KCL partner Andra Hutchins was quoted in “Education lawyers decipher U.S. Supreme Court cheerleader decision” in the July 5 issue of Massachusetts Lawyers Weekly. Education law attorneys were hopeful that the Court’s decision in Mahanoy Area School District v. B.L. would provide clarity to the boundaries of a school’s authority to regulate speech.
The Court concluded that two social media posts in which B.L., a cheerleader, expressed frustration at not making the varsity cheerleading squad during her sophomore year in high school were entitled to First Amendment protection. One of the posts showed B.L. and a friend with middle fingers raised and bore the caption: “F**k school f**k softball f**k cheer f**k everything.” B.L. was suspended for posting the vulgarity-laced tirade on Snapchat.

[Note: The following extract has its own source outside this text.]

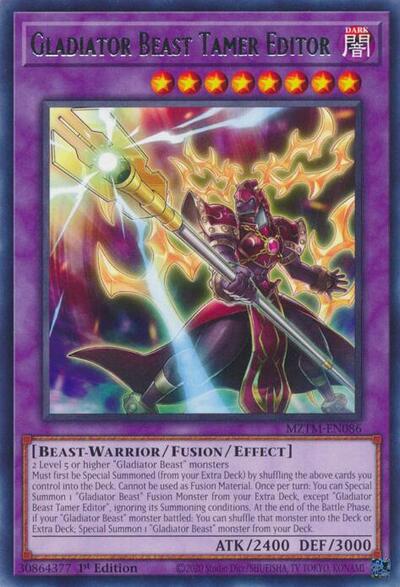 Gladiator Beast Tamer Editor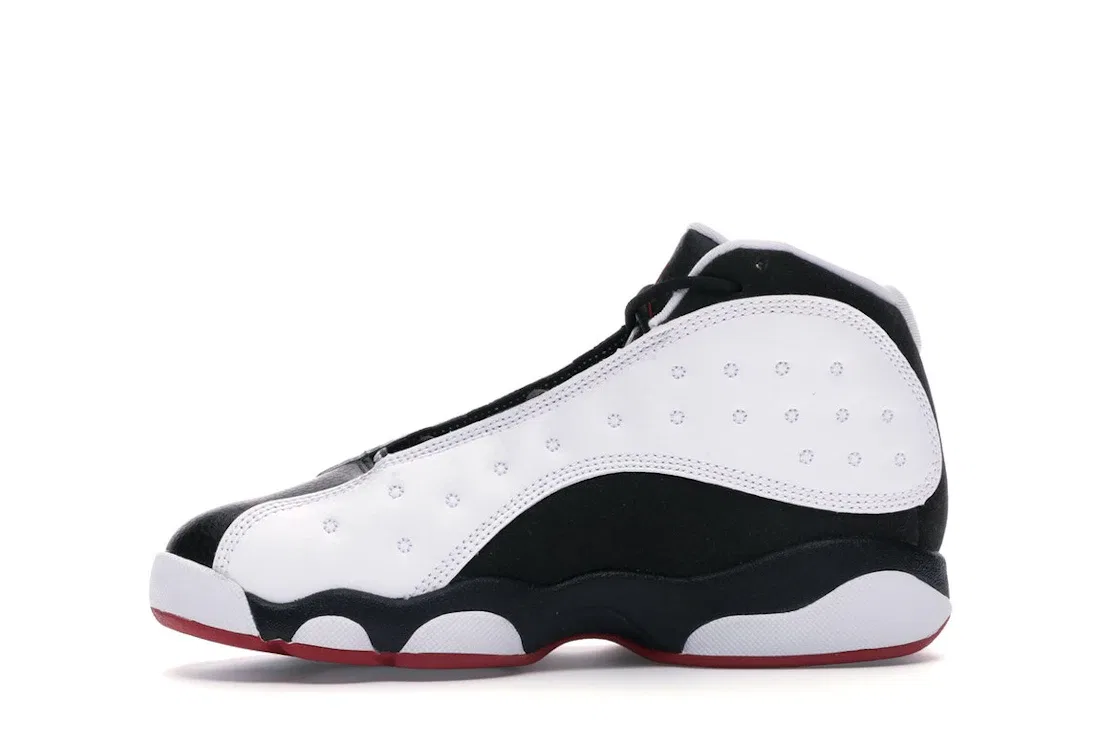 Детские кроссовки Lifestyle с принтом Jordan 13 Retro Jordan, White/True Red-Black — фото 3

Andra weighed in on the Court’s decision to uphold the cheerleader’s First Amendment challenge stating the case is a “step forward” in limiting a school’s reach to control student speech. She further noted “I’m not sure it’s a big enough step forward. There will always be a [recognized] interest in schools regulating off-campus speech if it materially disrupts the educational experience or substantially and negatively impacts the rights of others. But the reality is there will always be inherent risks in students using social media to vent frustrations or speak their minds.”